I was just trying to read my Bible and have a quiet time but I felt this overwhelming need to post a blog. Holy Spirit, I hope this is You because if it's not this thing will be worthless.
I was advised last week to go through some of my old journals to see how God has answered prayer. I have always dated my journals and I'm very glad I did. I picked up one from May of 2004. I was nineteen. Hello nineteen-year-old self. Some thoughts are profound and I can't believe I thought that at such young an age. "I have no idea how to trust You. I cannot fathom You. I cannot imagine Your holiness, Your perfection, Your plan." And then some things that I said/prayed are absolutely ridiculous.
"God, help me lose ten pounds a week."
It's kind of embarrassing to read old journals from this time in my life. My high school and college days are a blur of wanting and trying and obsessing about losing weight. I tried my hardest to get out of the junk I was in, but in all honesty, I was just insane.
So what has brought me to sanity? I still have insane thoughts from time to time, Lord, please give me discernment in this. More than anything, it's been prayer. Realizing I cannot do this on my own and just taking it to the Lord. Laying down idols of television and overeating. Both of those were huge idols in my life.
The word "idol" is weird because it is so old-fashioned and sounds a bit ridiculous, but I think it's completely appropriate. I worshiped the idol of becoming thin. I worshiped the television and all the thin, perfectly happy people, and then my comfort to go along with these starving people as my friends was ice cream. And chips. And cereal. And whatever else that sounded good that I could put into my mouth.
I remember reading in 1-2 Kings in the Bible with each King of Israel they would not destroy the high places where people would sacrifice to false gods. I think the Kings were afraid of what others would think of them, they were afraid to close the back door just in case God would leave them hanging.

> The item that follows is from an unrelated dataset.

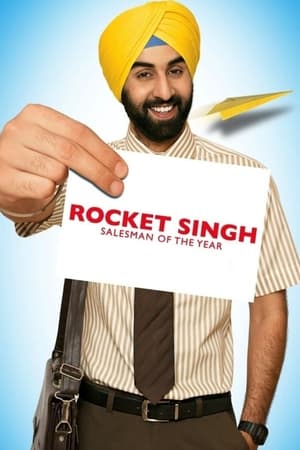 Rocket Singh Salesman of the Year 2009 Hindi Movie BluRay 720p Hevc [480MB] HD Poster Download - filmyfly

Really, the idols and the high places need to be destroyed. Personally, my destruction was just flat out getting rid of the television. For a time I had to lay exercise down completely and just stop any and all diets and attempts at diet. There was also a season where I felt like I needed to completely cut out sugar and sweets because they were my comfort.
I am discovering every day that losing weight is not an outside-in fix. It's an inside-out solution. It's my heart and my attitude about food that needs to change.
Lord, only in You there is freedom.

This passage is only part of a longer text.